═══ STORED DATA ═══

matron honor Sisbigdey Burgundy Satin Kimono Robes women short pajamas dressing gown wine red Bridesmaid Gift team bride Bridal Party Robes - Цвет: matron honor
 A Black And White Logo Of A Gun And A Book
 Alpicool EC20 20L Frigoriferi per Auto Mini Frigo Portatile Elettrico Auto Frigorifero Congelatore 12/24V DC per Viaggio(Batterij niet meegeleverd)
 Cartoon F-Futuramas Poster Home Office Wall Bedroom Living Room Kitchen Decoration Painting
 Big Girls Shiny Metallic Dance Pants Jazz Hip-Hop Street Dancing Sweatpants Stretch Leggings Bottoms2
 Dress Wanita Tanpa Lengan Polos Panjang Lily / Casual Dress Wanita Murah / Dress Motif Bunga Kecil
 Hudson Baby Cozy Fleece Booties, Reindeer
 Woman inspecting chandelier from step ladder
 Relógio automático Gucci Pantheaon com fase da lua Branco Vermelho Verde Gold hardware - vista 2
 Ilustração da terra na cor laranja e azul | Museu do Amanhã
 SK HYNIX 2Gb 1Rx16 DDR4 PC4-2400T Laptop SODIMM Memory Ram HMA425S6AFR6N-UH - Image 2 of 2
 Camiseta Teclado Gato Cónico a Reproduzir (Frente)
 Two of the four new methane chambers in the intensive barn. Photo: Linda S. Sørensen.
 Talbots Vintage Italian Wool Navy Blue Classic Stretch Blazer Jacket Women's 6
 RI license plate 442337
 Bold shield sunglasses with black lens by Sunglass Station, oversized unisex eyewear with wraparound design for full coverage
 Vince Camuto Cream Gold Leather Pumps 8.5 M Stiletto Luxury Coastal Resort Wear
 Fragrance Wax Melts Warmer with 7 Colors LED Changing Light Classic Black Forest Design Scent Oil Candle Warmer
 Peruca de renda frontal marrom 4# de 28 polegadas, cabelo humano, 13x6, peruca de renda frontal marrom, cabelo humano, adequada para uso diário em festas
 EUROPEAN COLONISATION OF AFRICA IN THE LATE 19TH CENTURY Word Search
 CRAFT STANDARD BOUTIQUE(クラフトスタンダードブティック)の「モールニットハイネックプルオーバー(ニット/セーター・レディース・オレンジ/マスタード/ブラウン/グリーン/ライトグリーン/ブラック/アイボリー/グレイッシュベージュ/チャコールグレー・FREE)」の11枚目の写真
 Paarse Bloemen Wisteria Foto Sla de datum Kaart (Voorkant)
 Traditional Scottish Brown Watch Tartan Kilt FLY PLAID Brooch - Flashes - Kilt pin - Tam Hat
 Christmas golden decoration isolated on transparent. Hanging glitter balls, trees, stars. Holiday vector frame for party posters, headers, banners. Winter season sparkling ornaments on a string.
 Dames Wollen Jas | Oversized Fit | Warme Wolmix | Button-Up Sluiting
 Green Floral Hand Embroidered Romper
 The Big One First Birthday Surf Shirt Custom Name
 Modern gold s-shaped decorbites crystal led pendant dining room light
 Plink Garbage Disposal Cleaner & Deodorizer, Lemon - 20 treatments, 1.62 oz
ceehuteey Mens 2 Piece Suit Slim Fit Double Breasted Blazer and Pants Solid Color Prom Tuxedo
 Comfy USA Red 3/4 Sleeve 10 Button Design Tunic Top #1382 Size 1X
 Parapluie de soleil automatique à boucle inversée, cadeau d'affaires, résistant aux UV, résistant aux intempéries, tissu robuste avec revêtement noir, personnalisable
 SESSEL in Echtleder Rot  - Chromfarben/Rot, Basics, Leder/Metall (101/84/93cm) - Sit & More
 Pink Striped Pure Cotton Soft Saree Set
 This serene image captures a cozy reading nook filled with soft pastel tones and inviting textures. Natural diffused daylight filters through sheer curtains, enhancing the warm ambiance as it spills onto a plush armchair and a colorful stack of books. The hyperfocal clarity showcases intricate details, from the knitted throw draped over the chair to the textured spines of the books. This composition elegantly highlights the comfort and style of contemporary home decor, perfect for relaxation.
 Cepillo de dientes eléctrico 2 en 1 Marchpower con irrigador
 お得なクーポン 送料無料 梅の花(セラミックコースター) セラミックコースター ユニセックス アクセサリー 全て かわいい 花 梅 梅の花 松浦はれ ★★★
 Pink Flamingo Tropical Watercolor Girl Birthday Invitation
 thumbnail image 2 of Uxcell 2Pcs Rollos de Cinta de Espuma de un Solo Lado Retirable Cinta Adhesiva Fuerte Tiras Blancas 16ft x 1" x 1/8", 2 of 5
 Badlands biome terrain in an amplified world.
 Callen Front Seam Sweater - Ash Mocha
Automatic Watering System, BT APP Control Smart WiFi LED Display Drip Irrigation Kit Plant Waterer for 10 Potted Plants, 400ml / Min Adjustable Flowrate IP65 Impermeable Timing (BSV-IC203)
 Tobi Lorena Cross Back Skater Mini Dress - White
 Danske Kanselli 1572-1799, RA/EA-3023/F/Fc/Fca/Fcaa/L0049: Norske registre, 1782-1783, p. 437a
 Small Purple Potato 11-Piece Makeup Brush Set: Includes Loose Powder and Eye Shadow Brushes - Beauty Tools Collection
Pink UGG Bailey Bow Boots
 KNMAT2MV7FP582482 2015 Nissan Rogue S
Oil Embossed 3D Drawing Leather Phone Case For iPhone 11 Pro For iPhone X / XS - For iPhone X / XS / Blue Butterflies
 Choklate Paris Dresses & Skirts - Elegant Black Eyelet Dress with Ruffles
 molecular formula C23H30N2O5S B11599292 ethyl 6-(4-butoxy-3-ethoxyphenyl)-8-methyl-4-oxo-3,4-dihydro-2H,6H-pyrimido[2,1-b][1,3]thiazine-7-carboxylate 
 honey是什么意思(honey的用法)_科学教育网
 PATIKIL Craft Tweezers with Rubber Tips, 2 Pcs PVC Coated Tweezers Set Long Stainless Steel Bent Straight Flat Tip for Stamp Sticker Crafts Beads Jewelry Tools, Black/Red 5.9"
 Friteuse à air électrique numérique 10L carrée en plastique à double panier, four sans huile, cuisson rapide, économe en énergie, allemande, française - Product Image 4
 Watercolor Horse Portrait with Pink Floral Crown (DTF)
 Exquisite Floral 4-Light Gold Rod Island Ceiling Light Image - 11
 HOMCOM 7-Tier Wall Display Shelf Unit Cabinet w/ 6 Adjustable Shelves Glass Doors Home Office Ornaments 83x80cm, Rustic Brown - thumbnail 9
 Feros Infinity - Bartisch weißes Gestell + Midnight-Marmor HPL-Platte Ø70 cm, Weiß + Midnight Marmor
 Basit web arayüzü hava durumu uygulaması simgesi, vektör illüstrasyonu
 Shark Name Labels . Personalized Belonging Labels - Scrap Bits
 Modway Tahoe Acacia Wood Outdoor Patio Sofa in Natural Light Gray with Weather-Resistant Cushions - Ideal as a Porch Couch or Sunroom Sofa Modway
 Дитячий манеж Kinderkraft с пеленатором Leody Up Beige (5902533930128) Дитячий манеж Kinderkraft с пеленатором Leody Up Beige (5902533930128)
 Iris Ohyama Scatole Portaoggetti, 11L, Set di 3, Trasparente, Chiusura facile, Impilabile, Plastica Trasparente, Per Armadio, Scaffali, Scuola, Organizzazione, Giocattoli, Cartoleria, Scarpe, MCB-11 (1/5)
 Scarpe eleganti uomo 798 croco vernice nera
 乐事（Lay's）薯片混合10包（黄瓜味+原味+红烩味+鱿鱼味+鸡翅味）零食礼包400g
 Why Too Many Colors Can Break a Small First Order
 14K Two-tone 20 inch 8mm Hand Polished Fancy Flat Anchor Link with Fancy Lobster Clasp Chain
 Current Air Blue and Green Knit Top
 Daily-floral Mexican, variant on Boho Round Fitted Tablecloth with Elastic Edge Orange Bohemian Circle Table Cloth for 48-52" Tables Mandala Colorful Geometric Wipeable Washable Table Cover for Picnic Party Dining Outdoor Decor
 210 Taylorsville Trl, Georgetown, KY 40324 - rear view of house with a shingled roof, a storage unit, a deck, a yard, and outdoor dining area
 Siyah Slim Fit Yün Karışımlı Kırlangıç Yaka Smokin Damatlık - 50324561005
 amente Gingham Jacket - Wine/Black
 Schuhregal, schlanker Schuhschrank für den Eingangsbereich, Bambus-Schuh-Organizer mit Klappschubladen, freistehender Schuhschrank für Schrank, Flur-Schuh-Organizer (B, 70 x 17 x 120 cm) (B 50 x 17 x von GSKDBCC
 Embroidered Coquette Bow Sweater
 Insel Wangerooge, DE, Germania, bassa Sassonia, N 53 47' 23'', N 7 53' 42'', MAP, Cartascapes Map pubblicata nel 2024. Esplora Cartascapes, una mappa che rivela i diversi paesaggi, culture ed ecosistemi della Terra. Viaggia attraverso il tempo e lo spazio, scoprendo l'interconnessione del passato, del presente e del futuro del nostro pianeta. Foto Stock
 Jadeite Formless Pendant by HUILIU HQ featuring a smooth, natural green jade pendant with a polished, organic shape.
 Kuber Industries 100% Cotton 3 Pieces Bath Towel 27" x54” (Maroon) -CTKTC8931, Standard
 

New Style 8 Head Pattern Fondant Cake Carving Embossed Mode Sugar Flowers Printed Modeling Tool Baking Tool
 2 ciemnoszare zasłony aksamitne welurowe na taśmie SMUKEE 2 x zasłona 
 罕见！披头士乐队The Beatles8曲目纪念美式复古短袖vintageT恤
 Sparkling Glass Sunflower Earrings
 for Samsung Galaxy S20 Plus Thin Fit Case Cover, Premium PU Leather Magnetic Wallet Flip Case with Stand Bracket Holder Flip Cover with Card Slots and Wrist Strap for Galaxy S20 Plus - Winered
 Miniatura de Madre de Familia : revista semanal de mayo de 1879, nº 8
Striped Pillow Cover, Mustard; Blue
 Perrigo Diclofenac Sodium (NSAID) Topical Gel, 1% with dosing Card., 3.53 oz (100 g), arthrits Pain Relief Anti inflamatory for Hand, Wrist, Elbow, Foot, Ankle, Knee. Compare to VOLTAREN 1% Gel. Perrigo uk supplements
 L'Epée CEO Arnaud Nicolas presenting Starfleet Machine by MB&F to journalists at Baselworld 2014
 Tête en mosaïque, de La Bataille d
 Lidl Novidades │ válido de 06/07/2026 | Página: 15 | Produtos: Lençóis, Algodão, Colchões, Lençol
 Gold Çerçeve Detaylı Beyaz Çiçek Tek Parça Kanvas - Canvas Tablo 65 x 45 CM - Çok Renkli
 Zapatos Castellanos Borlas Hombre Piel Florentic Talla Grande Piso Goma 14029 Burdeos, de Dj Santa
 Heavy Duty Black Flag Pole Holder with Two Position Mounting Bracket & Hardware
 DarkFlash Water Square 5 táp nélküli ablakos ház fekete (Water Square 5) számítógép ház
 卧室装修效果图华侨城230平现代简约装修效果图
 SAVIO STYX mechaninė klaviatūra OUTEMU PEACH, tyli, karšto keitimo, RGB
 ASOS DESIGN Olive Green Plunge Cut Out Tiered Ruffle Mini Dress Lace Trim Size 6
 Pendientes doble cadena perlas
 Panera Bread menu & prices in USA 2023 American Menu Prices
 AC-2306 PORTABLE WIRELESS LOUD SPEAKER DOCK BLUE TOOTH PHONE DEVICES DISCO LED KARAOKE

═══

### [YOUR GOAL]
Every line in the data above that includes the word "four" should be copied.

### [RESULT OF THE TASK]
 Two of the four new methane chambers in the intensive barn. Photo: Linda S. Sørensen.
 Friteuse à air électrique numérique 10L carrée en plastique à double panier, four sans huile, cuisson rapide, économe en énergie, allemande, française - Product Image 4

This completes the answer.